After months of careful planning by Virginia officials and engineers, Richmond's 21-foot-high statue of Confederate general Robert E. Lee's "surrender came so fast — after less than an hour of work Wednesday — that hundreds of onlookers were caught by surprise," The Washington Post reports. The jubilant crowd cheered. Gov. Ralph Northam (D), who had ordered Virginia's largest remaining Confederate statue removed in June 2020 and persisted through several court challenges, said "this day has been a long time coming."
"The statue was on the ground by about 9 a.m., and by 10:45 a.m., workers had sawed off the torso of Lee and began loading it onto a flatbed truck," the Post reports. "Hours later, in the early afternoon, the truck carrying Lee and the horse pulled away in a thunderstorm," unceremoniously "ending the monument's 131-year reign embodying this city's mythology as the former capital of the Confederacy."

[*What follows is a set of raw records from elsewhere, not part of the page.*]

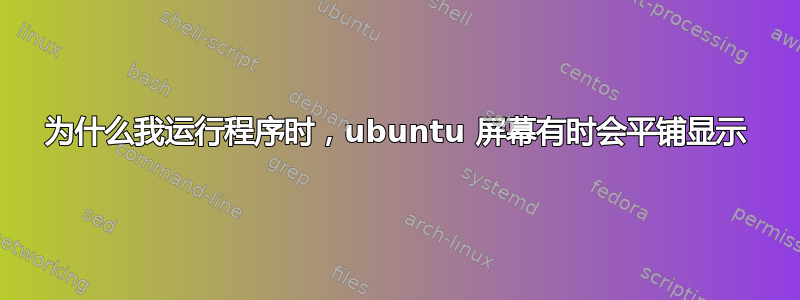 为什么我运行程序时，ubuntu 屏幕有时会平铺显示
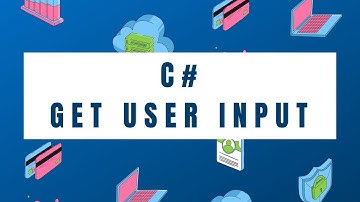 C# Tutorial Part 03 - Getting User Input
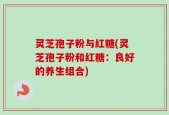 灵芝孢子粉与红糖(灵芝孢子粉和红糖：良好的养生组合)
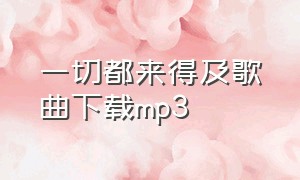 一切都来得及歌曲下载mp3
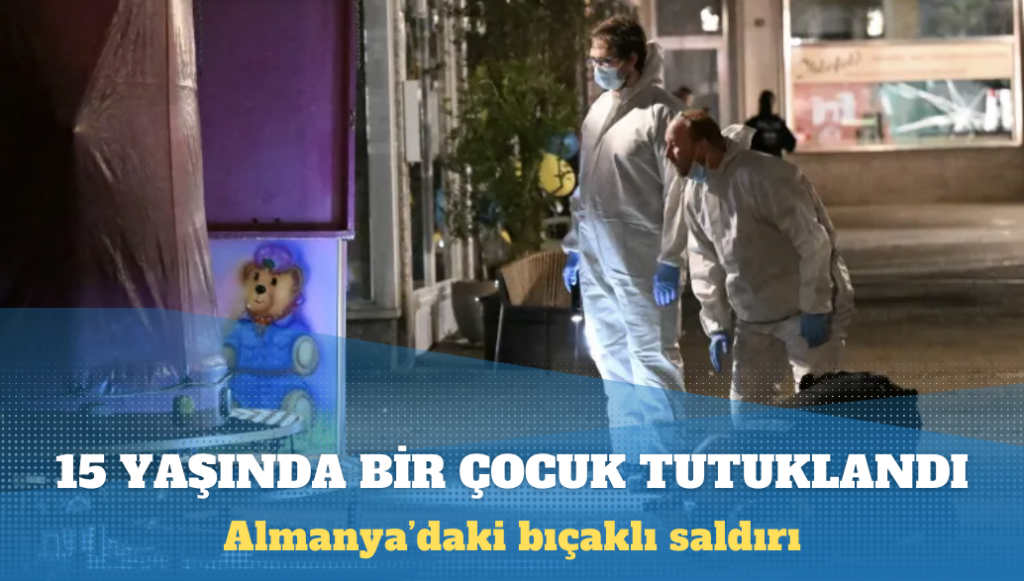 Almanya’daki bıçaklı saldırıyla ilgili 15 yaşında bir çocuk tutuklandı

Devon Henry, the Black foreman who oversaw Lee's removal, said this was the 21st Confederate memorial he has taken down since last summer. The other statues on Memorial Avenue — Stonewall Jackson, J.E.B. Stuart, and Matthew Fontaine Maury — were removed last year, and "the only city-owned Confederate memorial still standing is a statue of Gen. A.P. Hill in an intersection on the north side of the city," the Post reports. "Its removal is taking longer to plan because its namesake is buried, standing up, beneath the statue."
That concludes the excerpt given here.